About EDI

Vision & Mission

The Environmental Data Initiative envisions a future of scientific discovery fueled by data commons accessible to everyone.

We preserve environmental data for open and reproducible science, to promote synthesis across space and time, and to aid in the assessment of environmental change and its consequences.

Project

The Environmental Data Initiative (EDI) provides key services and technical expertise to the scientific community that ensure environmental and ecological data are well curated and accessible for discovery and re-use well into the future. We assist researchers from field stations, individual laboratories, and research projects of all sizes to archive and publish their environmental data. EDI is committed to make data Findable, Accessible, Interoperable, and Reusable (FAIR).
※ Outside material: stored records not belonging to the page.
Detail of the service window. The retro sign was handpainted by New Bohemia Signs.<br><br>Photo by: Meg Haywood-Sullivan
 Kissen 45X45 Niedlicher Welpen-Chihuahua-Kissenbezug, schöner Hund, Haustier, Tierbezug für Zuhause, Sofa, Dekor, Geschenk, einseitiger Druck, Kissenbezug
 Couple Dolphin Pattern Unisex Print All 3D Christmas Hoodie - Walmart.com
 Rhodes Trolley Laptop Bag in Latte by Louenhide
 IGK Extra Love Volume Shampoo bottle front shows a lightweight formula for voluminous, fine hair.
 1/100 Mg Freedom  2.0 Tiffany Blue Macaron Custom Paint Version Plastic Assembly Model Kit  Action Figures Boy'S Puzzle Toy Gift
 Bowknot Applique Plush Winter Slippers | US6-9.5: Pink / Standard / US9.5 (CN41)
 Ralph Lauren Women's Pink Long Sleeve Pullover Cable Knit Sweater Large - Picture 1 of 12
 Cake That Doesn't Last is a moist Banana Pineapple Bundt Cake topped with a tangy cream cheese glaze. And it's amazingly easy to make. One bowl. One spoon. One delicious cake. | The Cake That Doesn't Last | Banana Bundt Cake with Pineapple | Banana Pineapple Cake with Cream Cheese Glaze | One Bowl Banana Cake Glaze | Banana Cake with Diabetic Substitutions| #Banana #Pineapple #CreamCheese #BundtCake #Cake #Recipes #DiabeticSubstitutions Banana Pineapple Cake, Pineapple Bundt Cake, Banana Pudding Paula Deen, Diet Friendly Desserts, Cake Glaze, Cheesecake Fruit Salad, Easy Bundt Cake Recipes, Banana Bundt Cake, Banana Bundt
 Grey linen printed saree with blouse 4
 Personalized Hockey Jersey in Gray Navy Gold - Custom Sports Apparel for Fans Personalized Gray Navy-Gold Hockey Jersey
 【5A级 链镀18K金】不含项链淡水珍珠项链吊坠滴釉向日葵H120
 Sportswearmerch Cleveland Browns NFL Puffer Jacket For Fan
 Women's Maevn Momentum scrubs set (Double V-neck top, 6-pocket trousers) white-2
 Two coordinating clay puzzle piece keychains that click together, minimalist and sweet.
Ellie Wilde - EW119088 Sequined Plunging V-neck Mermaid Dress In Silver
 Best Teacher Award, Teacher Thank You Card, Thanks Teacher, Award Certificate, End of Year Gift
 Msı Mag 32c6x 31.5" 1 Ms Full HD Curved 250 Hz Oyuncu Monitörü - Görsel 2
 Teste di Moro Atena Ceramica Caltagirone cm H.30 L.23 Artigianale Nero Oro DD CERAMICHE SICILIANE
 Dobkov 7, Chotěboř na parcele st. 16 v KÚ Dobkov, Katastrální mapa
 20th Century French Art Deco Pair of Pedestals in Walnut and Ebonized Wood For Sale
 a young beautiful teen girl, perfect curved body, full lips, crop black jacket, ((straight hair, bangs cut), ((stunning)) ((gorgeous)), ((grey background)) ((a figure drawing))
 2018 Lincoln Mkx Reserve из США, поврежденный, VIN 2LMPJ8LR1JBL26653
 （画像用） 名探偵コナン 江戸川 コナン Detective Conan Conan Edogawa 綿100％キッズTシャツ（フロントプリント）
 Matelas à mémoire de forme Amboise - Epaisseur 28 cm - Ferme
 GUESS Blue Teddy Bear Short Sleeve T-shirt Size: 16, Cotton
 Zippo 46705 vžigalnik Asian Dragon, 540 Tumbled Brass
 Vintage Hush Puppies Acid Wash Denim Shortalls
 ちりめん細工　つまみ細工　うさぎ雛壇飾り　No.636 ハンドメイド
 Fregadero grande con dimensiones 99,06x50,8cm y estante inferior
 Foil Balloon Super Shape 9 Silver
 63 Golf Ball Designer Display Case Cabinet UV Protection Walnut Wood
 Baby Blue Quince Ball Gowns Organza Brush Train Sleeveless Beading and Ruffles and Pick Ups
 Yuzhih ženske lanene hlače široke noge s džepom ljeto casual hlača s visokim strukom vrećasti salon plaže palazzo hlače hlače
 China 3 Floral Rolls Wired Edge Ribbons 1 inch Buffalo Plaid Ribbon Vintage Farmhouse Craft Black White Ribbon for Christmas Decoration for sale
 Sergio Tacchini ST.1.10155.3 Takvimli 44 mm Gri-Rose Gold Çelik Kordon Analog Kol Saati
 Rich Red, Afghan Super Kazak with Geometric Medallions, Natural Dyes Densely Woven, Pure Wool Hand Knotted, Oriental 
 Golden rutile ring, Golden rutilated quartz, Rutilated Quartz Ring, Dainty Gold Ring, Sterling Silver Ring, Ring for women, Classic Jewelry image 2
We provide support, training, and resources to help archive and publish high-quality data and metadata. We operate a secure data repository and work closely with other leaders in information management, like the LTER Network Communications Office and DataONE, to promote data management best practices and stewardship. Our team consists of highly motivated and experienced data practitioners, software developers, and research scientists.

Funding

This material is based upon work supported by the National Science Foundation under grants #1931143 and #1931174. Any opinions, findings, conclusions, or recommendations expressed in the material are those of the author(s) and do not necessarily reflect the views of the National Science Foundation.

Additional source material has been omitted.